By exploring these financing options and carefully considering the factors involved, you can find a way to manage the cost of your retainers and ensure a healthy, beautiful smile for years to come.

Conclusion: Keeping Your Smile in Place with Retainers

Retainers are an essential part of orthodontic treatment after wearing braces. They help prevent your teeth from shifting back to their old positions and ensure your beautiful, straight smile lasts a lifetime. Now that you’ve learned about the different retainer types ( Hawley retainers, bonded/fixed retainers), along with the factors affecting retainer cost (material, complexity, location), you can make informed decisions.

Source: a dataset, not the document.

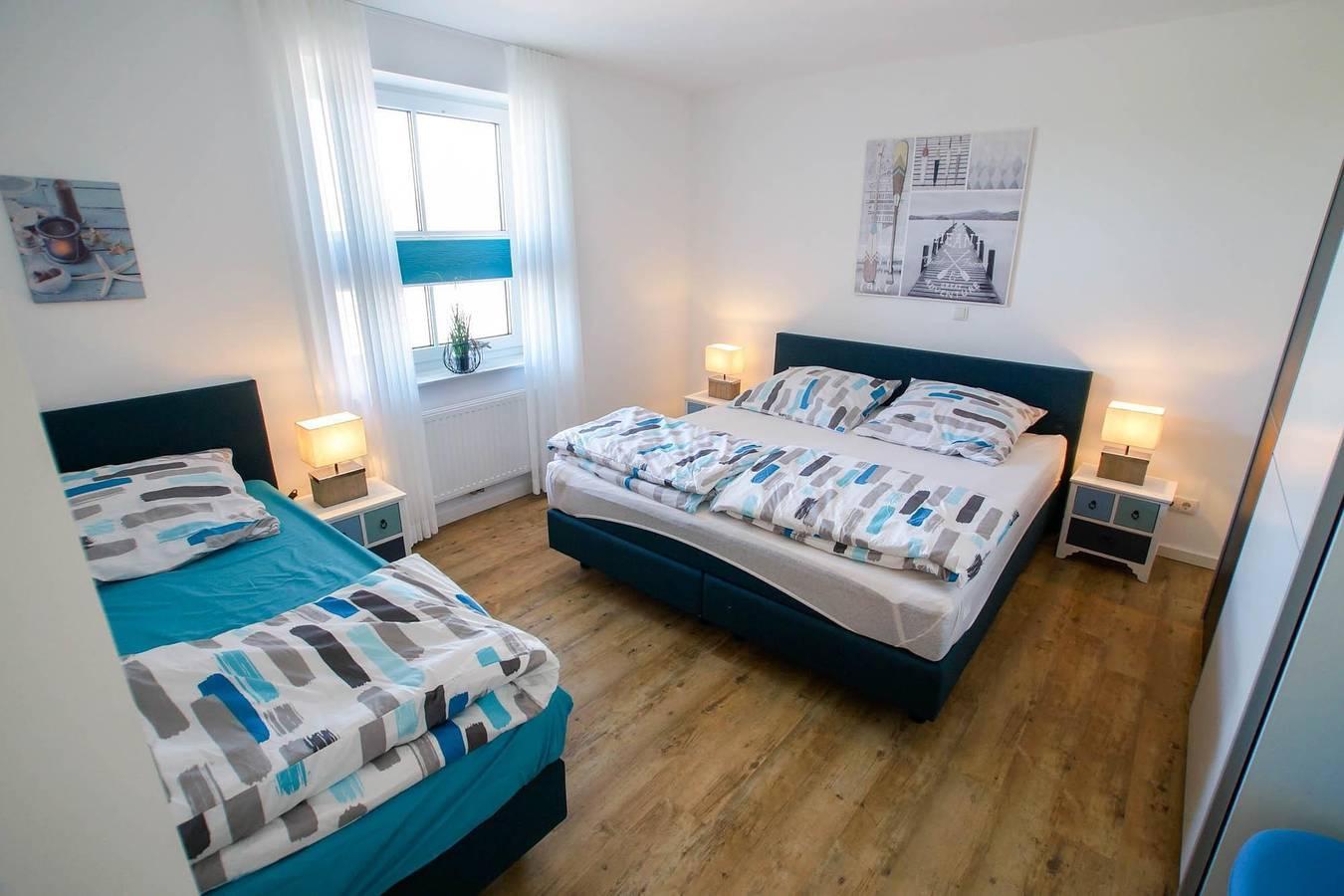 Vakantieappartement in Waddenzee, Duitsland voor 4 personen foto 7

Remember, dental insurance may cover some of the retainer cost, but it varies depending on your plan. Check with your insurance company to understand your specific coverage.

Final Thoughts: A Smile Worth the Investment

While retainer costs may seem like an additional expense after braces, they are a small investment compared to the long-term benefits of a healthy, confident smile. By following proper wear your retainer instructions, practicing good care for your retainer habits, and consulting your orthodontist for any questions or concerns, you can ensure your retainers effectively keep your teeth in place for years to come.

If you have any concerns about forgetting to wear your retainer or experience any damage like a scratch or crack, talk to your orthodontist right away. They can advise you on the best course of action, whether it’s adjusting your wearing schedule, obtaining a replacement retainer, or discussing alternative retainer options.

Remember, fixed retainers are designed to help you maintain your new smile for a lifetime. By taking good care of them and following your orthodontist’s instructions, you can enjoy the lasting benefits of straight teeth and a healthy bite.